# בתוך, לתוך, מתוך



## theunderachiever

betoch, letoch, mi(me?)toch:  Is toch just intensifying the prefixes?

Thank you much.


----------



## ranpinch

ל/ב/מ -תוך
תוך  come from the same route of  תוכן  (Contents)


----------



## bazq

Yes, תוך intensifies the prefix. I can't think of an occurence where there is a difference between prefix+toch and just the prefix.
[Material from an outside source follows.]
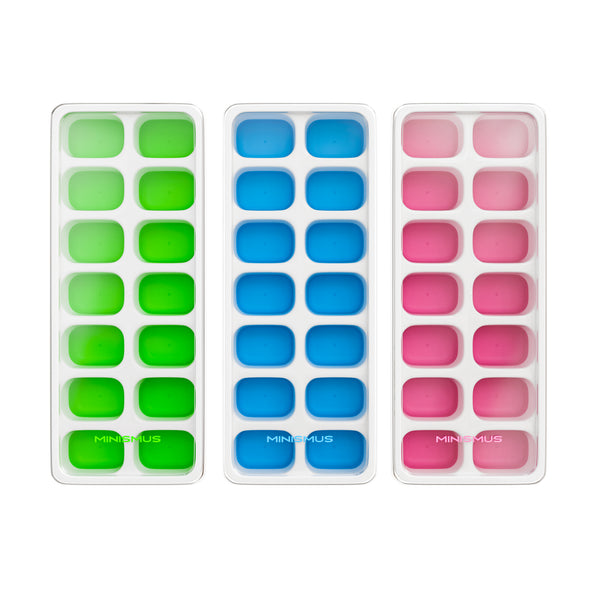 Silicone Ice Cube Tray with Lid Pack of 3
Hope this helps, good luck.


----------



## hadronic

תוך is "inside". Betokh : inside / within something, letokh: into something, mitokh: from within something.
The root is from ת-וו-ך, "middle", like מתווך a broker, an intermediate.
They also have figurative meanings with action nouns: למידה מתוך עשייה, learning by doing.


----------



## Drink

ranpinch said:


> תוך  come from the same route of  תוכן  (Contents)



No, תוכן is from ת-כ-ן, while תוך is from ת-ו-ך.


----------



## origumi

Drink said:


> No, תוכן is from ת-כ-ן, while תוך is from ת-ו-ך.
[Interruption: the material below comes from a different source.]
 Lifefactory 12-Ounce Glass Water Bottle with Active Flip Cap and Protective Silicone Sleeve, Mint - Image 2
Indeed, a beautiful example of semantic shift, as elaborated here.


----------



## ranpinch

Indeed, my mistake


----------



## Drink

origumi said:


> Indeed, a beautiful example of semantic shift, as elaborated here.
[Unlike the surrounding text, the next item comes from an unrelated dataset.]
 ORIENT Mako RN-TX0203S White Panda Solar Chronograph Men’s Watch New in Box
Cool. The funny thing is I always thought that מתכון was from the root כ-ו-ן (like הכין), but then recently I learned that it was from ת-כ-ן. Do you think there is some slight semantic shift going on there too?


----------



## origumi

Ruvik Rosentahl says מתכון is first attested in 1938 and is of root ת-כ-נ. Personally I believe that whoever coined it made an intentional effort to target both roots, ת-כ-נ and כ-ו-נ, and therefore both of them are relevant for this word. This pun (or whatever is the term) is similar to מכונה of root כ-ו-נ which is derived also from European _machina_.


----------



## Ali Smith

Drink said:


> No, תוכן is from ת-כ-ן, while תוך is from ת-ו-ך.


But isn't תֹכֶן 'fixed measure, quantity; measurement' a segholate noun?

וְעַתָּה֙ לְכ֣וּ עִבְד֔וּ וְתֶ֖בֶן לֹא־יִנָּתֵ֣ן לָכֶ֑ם וְתֹ֥כֶן לְבֵנִ֖ים תִּתֵּֽנוּ׃
(שמות ה יח)


----------



## Abaye

Ali Smith said:


> But isn't תֹכֶן 'fixed measure, quantity; measurement' a segholate noun?
> 
> וְעַתָּה֙ לְכ֣וּ עִבְד֔וּ וְתֶ֖בֶן לֹא־יִנָּתֵ֣ן לָכֶ֑ם וְתֹ֥כֶן לְבֵנִ֖ים תִּתֵּֽנוּ׃
> (שמות ה יח)


Yes it is. Why the "but" in your comment, is there anything in the posts above that hints differently?


----------



## Ali Smith

Abaye said:


> Yes it is. Why the "but" in your comment, is there anything in the posts above that hints differently?


Thanks!

Yes, it was spelled with a mater lectionis, which I don’t usually see in segholate nouns.


----------



## Drink

In the Bible it is spelled תכן, in other places תוכן.


----------